Industrial Users Willing to Pay Premium Rents for Last Mile Ecommerce Sites

JLL San Francisco Bay Area Mid-Peninsula San Jose Fremont Hayward Alameda Richmond San Rafael Fairfield Livermore American Canyon Central Valley

By Jacob Bourne

Before analyzing the data, researchers at JLL were uncertain about the trajectory of demand for e-commerce logistics space in the Bay Area due to skyrocketing rents and inadequate supply. Yet when they were investigating trends for the firm’s E-commerce Year End 2016 report, they found a continued willingness on the part of industry players to pay high prices to be in close proximity to the region’s key demographics. The combination of the presence of a growing affluent population as well as Gen Xers and Millennials has created a strong appetite for online shopping as well as high expectations for fast delivery.

“Despite steep rental rate increases we saw an uptick in the number of deals between 2015 and 2016,” explained Katie Olson-Kenny, research manager of East Bay-Sacramento offices, JLL. “Based on our findings, it’s a priority for companies to be in close proximity to consumers despite the steep costs. If you look at where these tenants are locating in terms of demographics, you’ll see the customers who want same-day delivery.”

This cultural trend of demand for fast and flexible delivery options has spurred companies to modify real estate strategies in recent years.
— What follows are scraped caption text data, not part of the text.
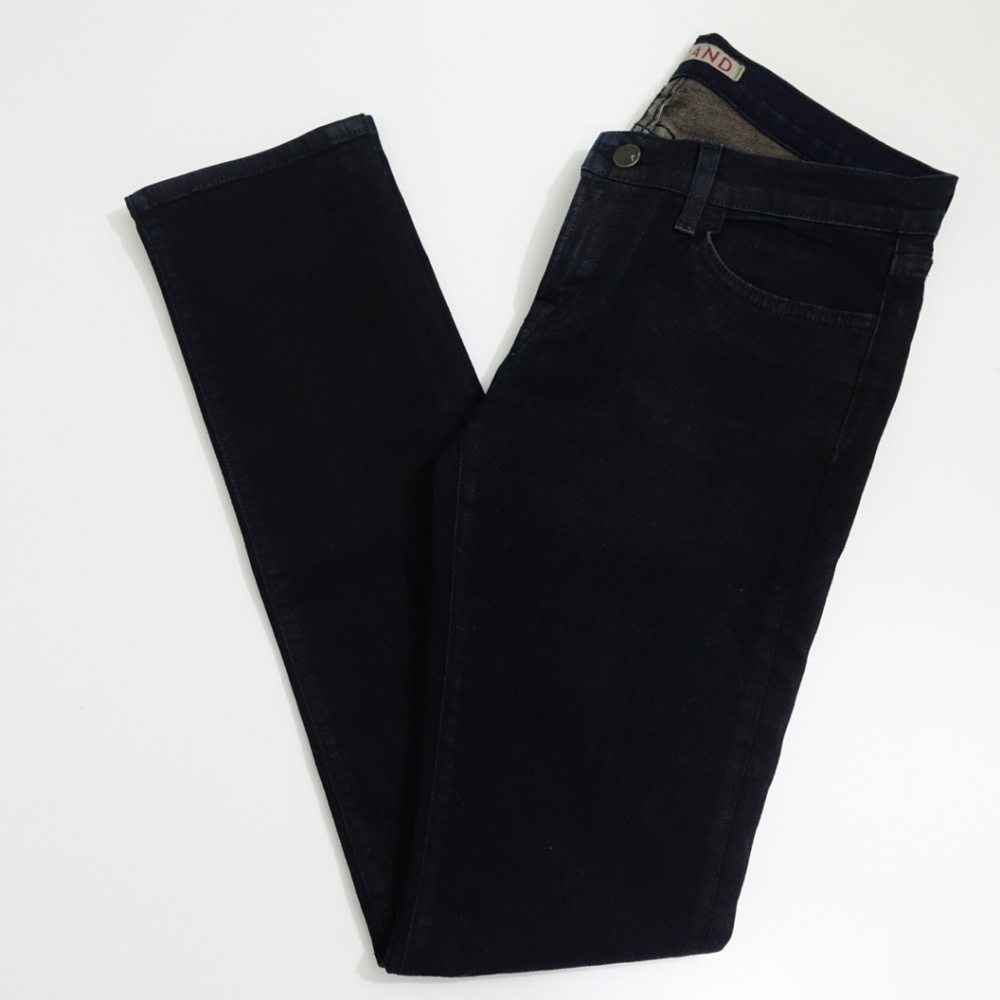 J Brand pencil leg venom waxed jeans size 28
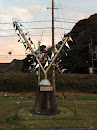 熊野古道のモニュメント Monument Of Kumano Lodo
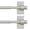 Nickel, variant on 2 Pack Magnetic Curtain Rods for Metal Doors 16-28 Inch Adjustable Diameter 1/2 Inch Black Cafe Rods for French Doors Privacy and Light Control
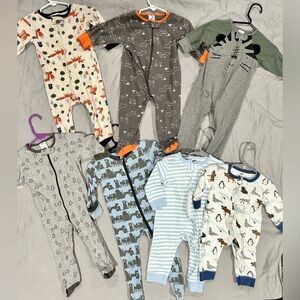 Assorted Baby One Pieces Sleeper Set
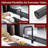 SUMERAIN Stainless Steel 304 Pull Down Kitchen Sink Faucet, Dual Spray Mode Lead-free Kitchen Faucet-113957697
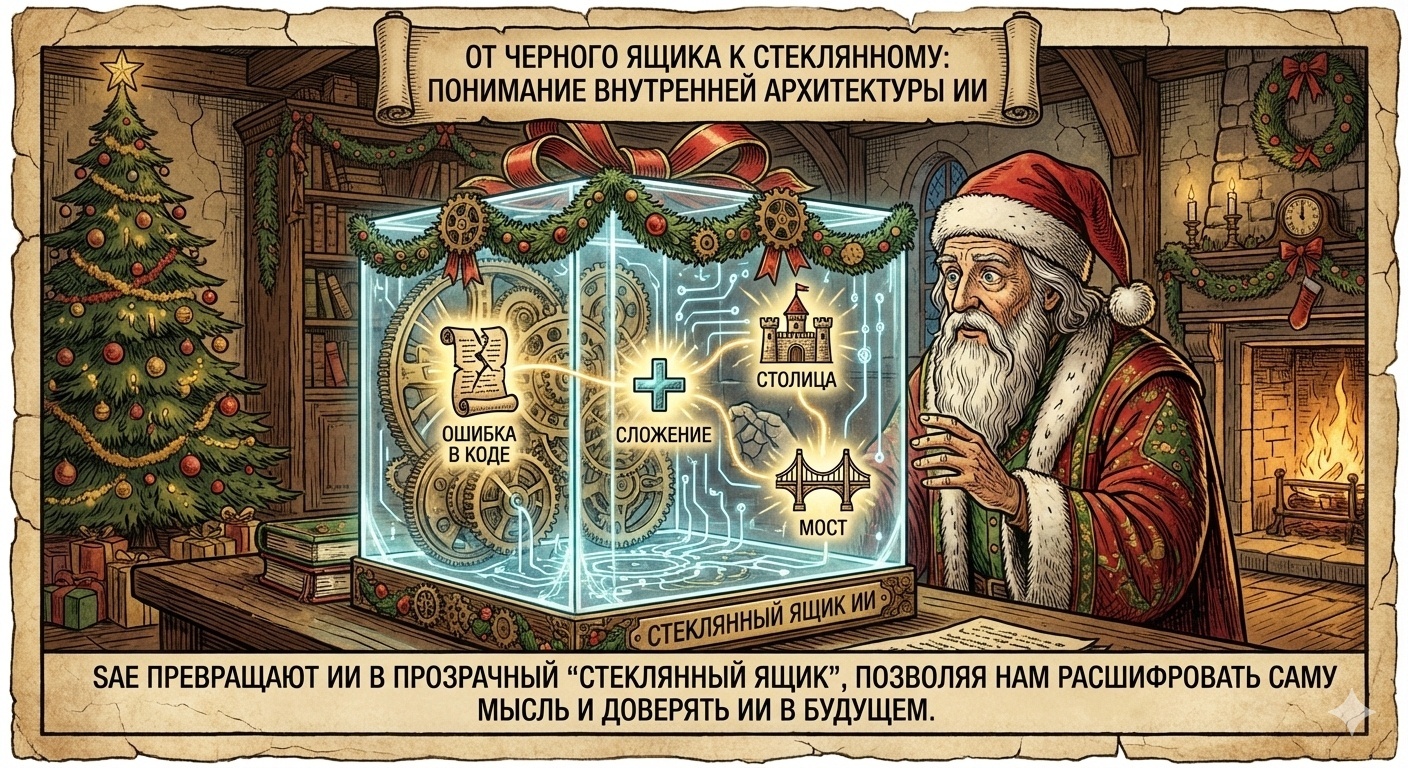 Как «думает» ИИ: гроккаем разреженные автоэнкодеры (SAE) - 5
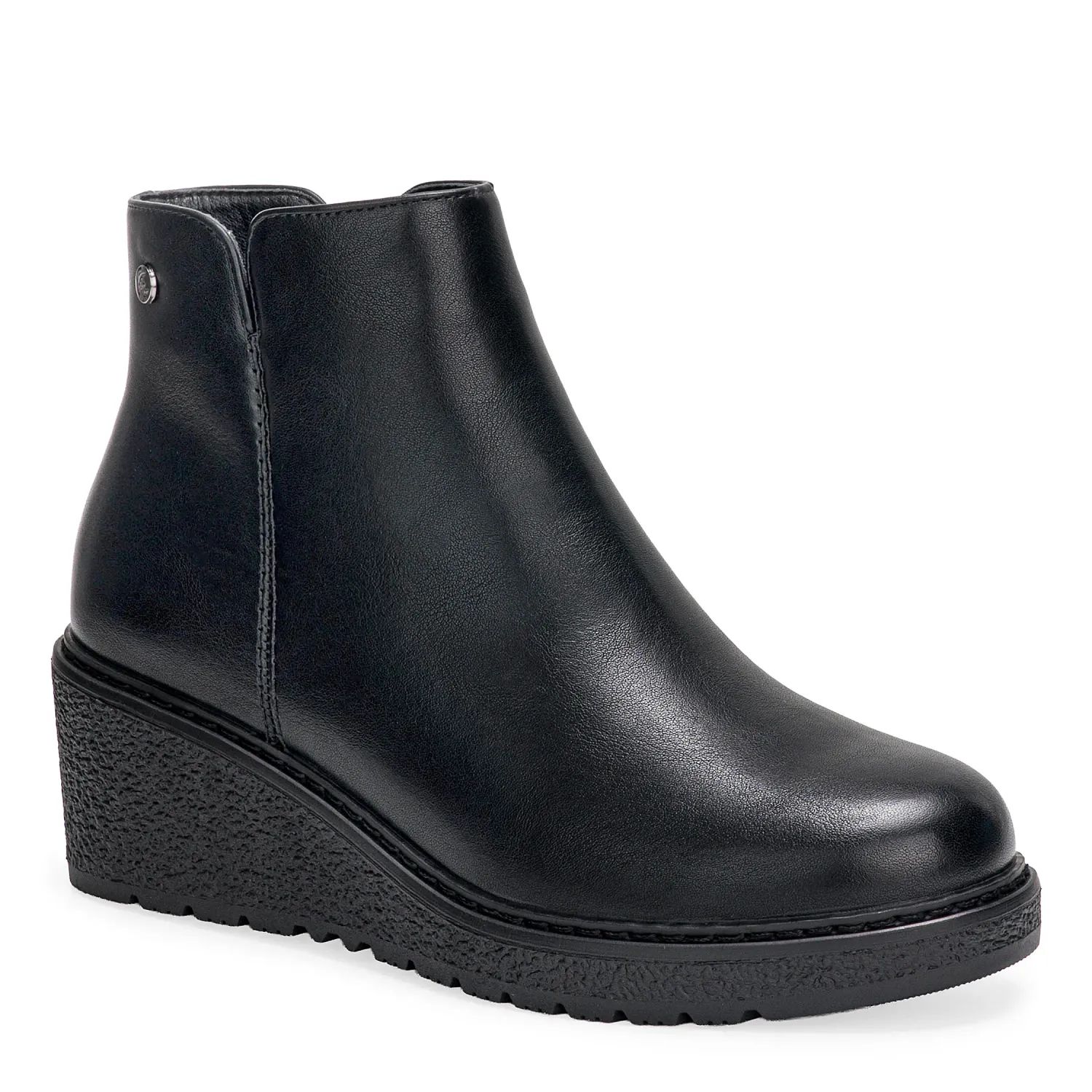 Botin Platanitos Dama Btw Mirta color negro | Platanitos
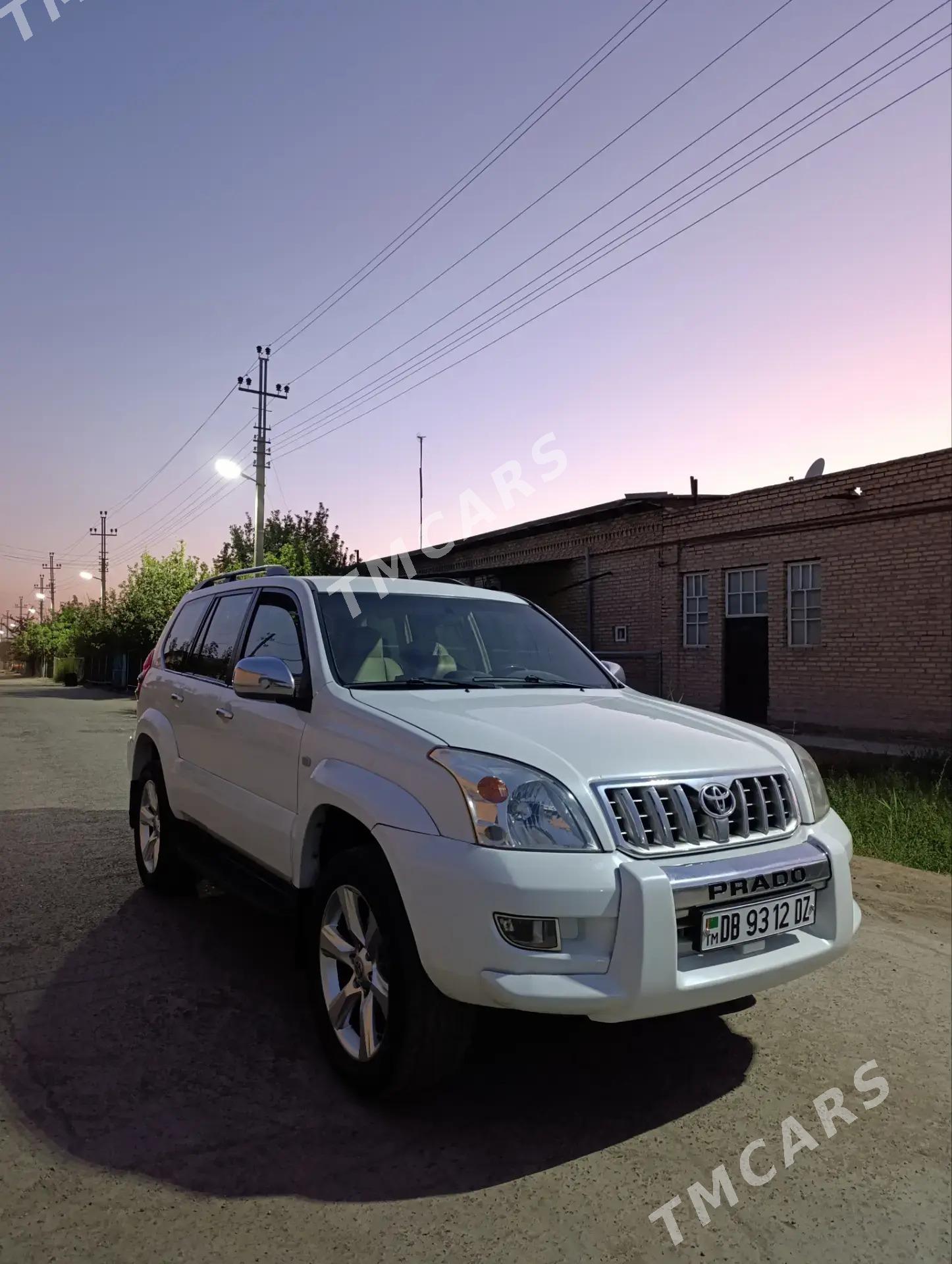 Toyota Land Cruiser Prado 2003 - 380 000 TMT - Дашогуз - img 10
JLL’s report shows that since 2011, 53-percent of last-mile deals in the region have occurred between 2015 and the present. Over the past two years, lease rates for logistics spaces have risen between 29.8 percent and 73.7 percent. The Mid-Peninsula has consistently achieved the highest asking lease rates followed by Silicon Valley. Overall vacancy for this product type is at 2.4 percent with absorption being led by companies with a strong relationship to e-commerce, many with a purely online retail presence.

Olson-Kenny and her team are currently tracking 10.2 million square feet of active tenant demand in the Bay Area. According to Jason Ovadia, managing director of Northern California Industrial at JLL, many of the new companies seeking space are considering the timing of construction and delivery of logistics space as a top priority. These companies are eager to get a foothold in the market and are willing to either pay high rents to seize limited opportunities or look for space in secondary or tertiary areas.

“They want to get into the market as soon as possible and it’s really creating a dynamic where demand is severely outweighing supply,” Ovadia said. “The challenge is dealing with land constraints and the time it takes to go through CEQA. They’re starting to target projects based on timing of delivery versus the exact location. So the best location may be in Hayward for example, but if the timing isn’t right then they might go into outlying areas 30 to 50 miles away from San Francisco and San Jose, which are the major population centers.”

Ovadia spoke of a changing landscape with an influx of new developers aiming to use industrial real estate as an investment vehicle and the construction of new multi-level logistics facilities with more flexible designs. It’s also becoming more commonplace to find the use of automation technologies and robotics in these spaces reflecting a visible shift from more traditional warehouses.

Researchers found that the average lease was within a five mile radius of 94,000 households, reflecting major distribution hubs in San Jose, Fremont, Hayward, Alameda, Richmond, San Rafael and Fairfield. Companies requiring more space at affordable rates are also seeking space in emerging markets like Livermore, American Canyon and the Central Valley.

“There’s 4.4 million square feet under construction right now and 46 percent is already pre-leased,” offered Olson-Kenny. “The Central Valley has 3.5 million square feet under construction. Last year we were unsure of where the market would be, but we continue to see deal velocity at record highs. The outlook is promising for the Bay Area and Central Valley.”